2) Türkiye’nin jeo-stratejik konumu onu vazgeçilmez bir ülke yapmaktadır.
3) Türkiye ne kadar çok Ortadoğu’ya sahip çıkarsa dünyaya o kadar güçlü bir görüntü verir.
4) Obama ile yeni bir dünya kurulacak, Türkiye de yeni dünyada yerini alacaktır.
* * *
Türkiye, komşularıyla teke tek ilişkilerde (1. varsayım) başarılı adımlar attı, bazı ülkeler ve örgütler ile Batı dünyası arasında belirli seviyede bilgi taşıyıcısı (messenger) görevi yaptı. Ancak, sanırım bu görevin göreceli ağırlığını hem abarttı hem de diğer varsayımlarında bazı değerlendirme hataları içine düştü.
Türkiye, dünya coğrafyası açısından dünya enerji havzalarının % 64’ünün oturduğu Ortadoğu ile bu enerji havzalarının en büyük talibi Batı’nın arasında müstesna bir yerde.
Medeniyetler tarihi ve kültürel altyapı açısından da her iki tarafın özelliklerinden, tamamen olmasa da bir nebze almış. Türkiye iki tarafa da aşina.

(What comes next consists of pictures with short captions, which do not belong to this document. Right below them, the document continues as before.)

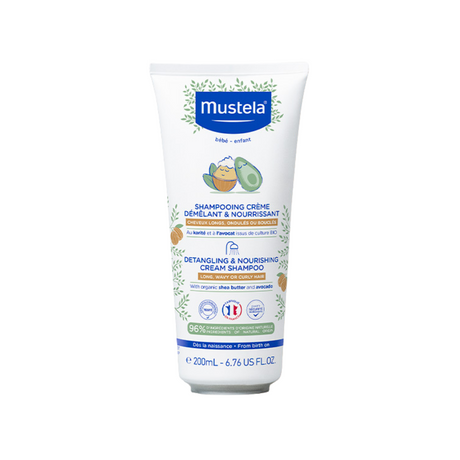 Mustela, Mustela, Shea Butter & Avocado, Hair Shampoo, Detangling & Smoothing, 200 ml - Feel You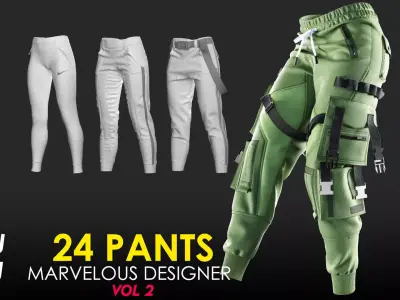 24 Pants - Vol 2 - Base Mesh 3D model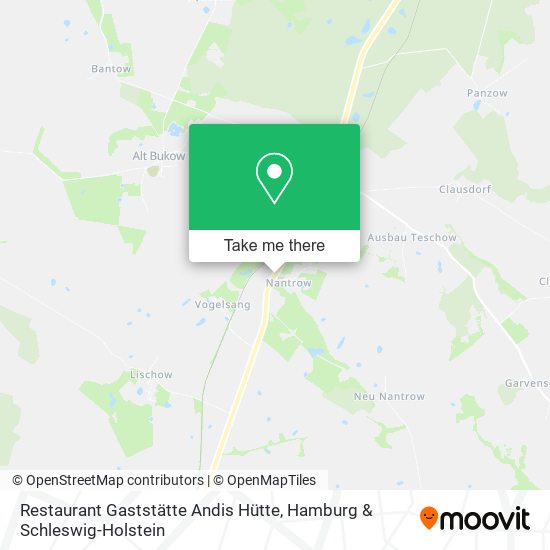 Restaurant Gaststätte Andis Hütte map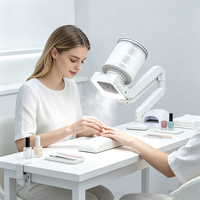 Aspirateur portable pour nail art avec ventilateur extracteur et lumière, purificateur d'air de bureau, collecteur de poussière pour salons de manucure et nail art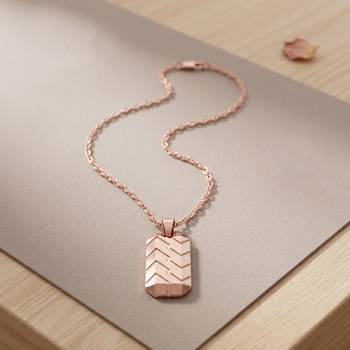  copper pink rose gold finish fashion jewellery pendant formen women 2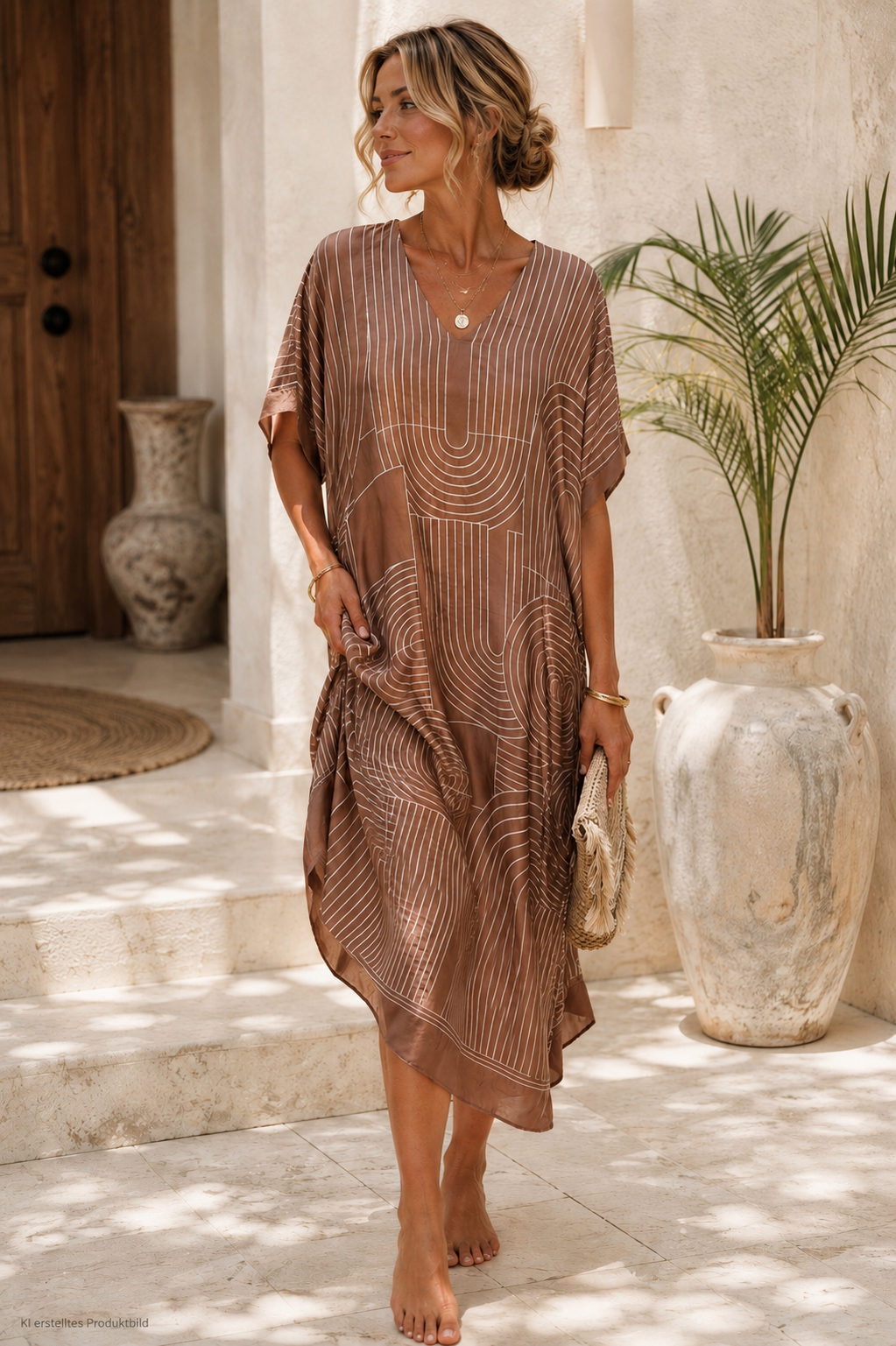 Maxi-Kleid Viskose-Seidenkleid Vanessa Made in Italy Gr. 34-42/44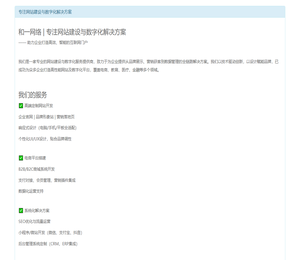 专注网站建设与数字化解决方案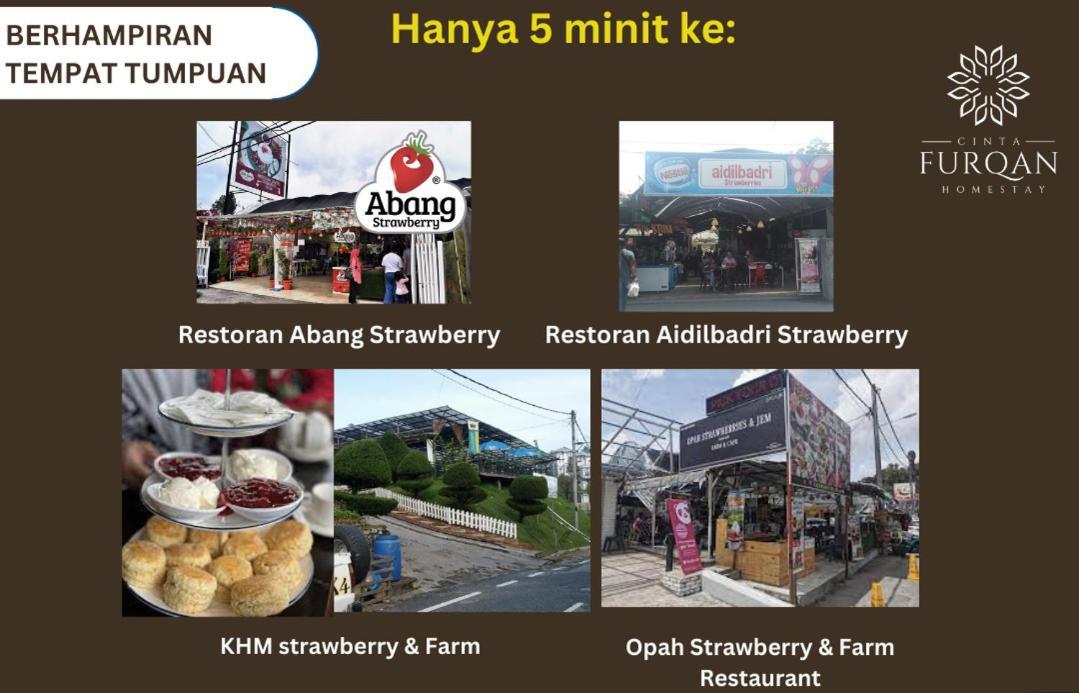 Homestay Cinta Furqan 1 - Apartment Cameron Highland Тана Рата Екстериор снимка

Ancak, Batı kendi müttefiki olarak görebilmek için Türkiye’nin, bir elini Ortadoğu’ya uzatsa da yüzünü Batı’ya doğru tutmasını, dış politikasını ne kadar renklendirse de Batı’ya çıpalamasını istiyor.
Ancak, son zamanlarda Türkiye’nin nereye çıpalandığı konusunda Batı’da derin tereddütler oluşmaya başladı.
Davos ile başlayan ve Rasmussen meselesi ile şahikasına çıkan süreçte, önemle Başbakan ülkemize Ortadoğu’ya Avrupa’da sahip çıkan ülke görüntüsü vermeye başladı. Hamas’ı BM’de temsil etme gayretlerine soyundu. Sanki çıpa artık Ortadoğu’ya atılmıştı.
Üzülerek görüyorum ki, Türkiye bu süreçte hem hiçbir şey elde edemedi (bkz. Rasmussen pazarlığı) hem de Batı’da kendisi hakkında duyulan endişeleri mislisiyle artırdı.
* * *
Öte yanda, ülkemizde her ne hikmetse, ruhen Müslüman olduğunu kendisinden daha iyi bildiğimiz bir Obama imajı yaratıldı. Obama ile yeni bir dünya ve o dünyada yeni bir Türkiye algılaması doğacağını koskoca köşe yazarları rüyalarında gördüler, rüyalarını hayra yorduklarını da yedi düvele ilan ettiler.
Ancak, herkes Obama’nın "Ermeni meselesi"nde verilmiş sözleri olduğunu biliyor, Obama’yı bu konuda yumuşatmak için elinden gelen her şeyi yapıyordu.
Ermenistan ile yeni açılımın Türkiye ile ABD’yi yeniden kucaklaştırması bekleniyordu.
Ancak, yağmadı yağmur, esmedi rüzgár!
Obama gerçi "soykırım" demedi ama ABD tarihinde 24 Nisan’da hakkımızda en ağır terimleri kullanan Başkan oldu.
Şimdi bir bakıyoruz, Ermenistan’da hükümet, aşırı milliyetçi Ermeni Taşnak Partisi’nin, "Türkiye ile ilişkilerin normalleşme çabalarını protesto" etmesi nedeniyle dağılıyor, Azerbaycan doğalgaza zam istiyor, bize sırtını dönüyor.
Dimyat’a pirince giderken evdeki bulgurdan olmak bu olsa gerek!
* * *
Sanırım, dış politikada hüner, eline yeni çay bardakları alırken eldeki bardakları kırmamaya dayanır.
Duruma bakın; AB ülkeleri bize her zamankinden soğuk, İran arabulucu rolümüzü katiyen istemiyor. Suriye, Hamas, Hizbullah "Türkiye konusunda" istihareye yattılar, en yakın müttefiklerimizden Azerbaycan bizden uzaklaştı, ne Ermenistan’a ne de ABD’ye yaranabildik!